Police and other first responders work the scene where officials say dozens of people have been found dead and multiple others were taken to hospitals with heat-related illnesses after a semitrailer containing suspected migrants was found, Monday, June 27, 2022, in San Antonio. (Photo: AP)
The death toll from a human trafficking incident on Monday in which migrants suffered under extreme Texas heat inside a truck rose to 50 on Tuesday, Mexican President Andres Manuel Lopez Obrador said.
The migrants died inside a tractor-trailer in San Antonio, Texas, where temperatures swelled to a high of 103 degrees Fahrenheit (39.4 degrees Celsius). It was one of the worst disasters involving migrants in the United States in recent years, and comes five years after a similar deadly incident in the same central Texas city, a few hours from the Mexican border.
Some 22 Mexicans, seven Guatemalans and two Hondurans were identified among the dead, Mexico Foreign Minister Marcelo Ebrard said on Twitter on Tuesday.
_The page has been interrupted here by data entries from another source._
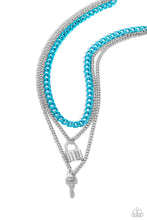 Load image into Gallery viewer, Locked Labor - Blue Necklace 1492n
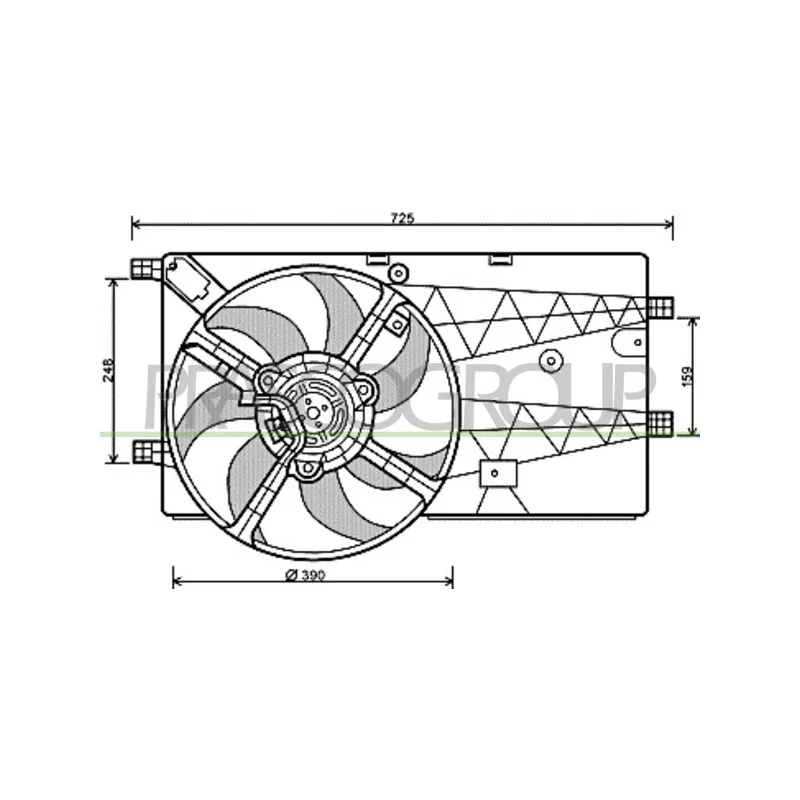 Ventilateur, refroidissement du moteur PRASCO CI907F003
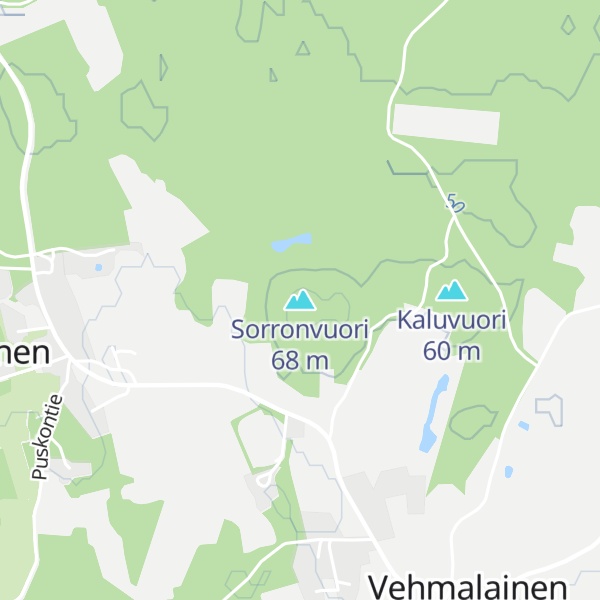 Map of Sorronvuori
There was no information on the nationality of the other 19, Mexican officials said.
The U.S. Immigration and Customs Enforcement (ICE) said that its Homeland Security Investigations division was conducting a criminal investigation into "an alleged human smuggling event" in coordination with local police.
Sixteen people had been transported to hospitals alive and conscious, including four minors, but no children were among the dead, the San Antonio Fire Department said.
The city's police chief, William McManus, on Monday said a person who works in a nearby building heard a cry for help and came out to investigate. The worker found the trailer doors partially opened and looked inside and found a number of dead bodies.
McManus said this was the largest incident of its kind in the city and said three people were in custody following the incident, although their involvement was not clear.
"The people that are responsible for subjecting other people to these conditions should be prosecuted to the fullest extent of the law," San Antonio Mayor Ron Nirenberg said during an interview on CNN on Tuesday.
The deaths once again highlight the challenge of controlling migrant crossings at the U.S.-Mexico border, which have reached record highs.
Lopez Obrador on Tuesday said he will meet with U.S. President Joe Biden in Washington on July 12 to discuss migration.
The I-35 highway near where the truck was found runs through San Antonio from the Mexican border and is a popular smuggling corridor because of the large volume of truck traffic, according to Jack Staton, a former senior official with ICE's investigative unit who retired in December.
In July 2017, 10 migrants died after being transported in a tractor-trailer that was discovered by San Antonio police in a Wal-Mart parking lot. The driver, James Matthew Bradley, Jr., was sentenced the following year to life in prison for his role in the smuggling operation.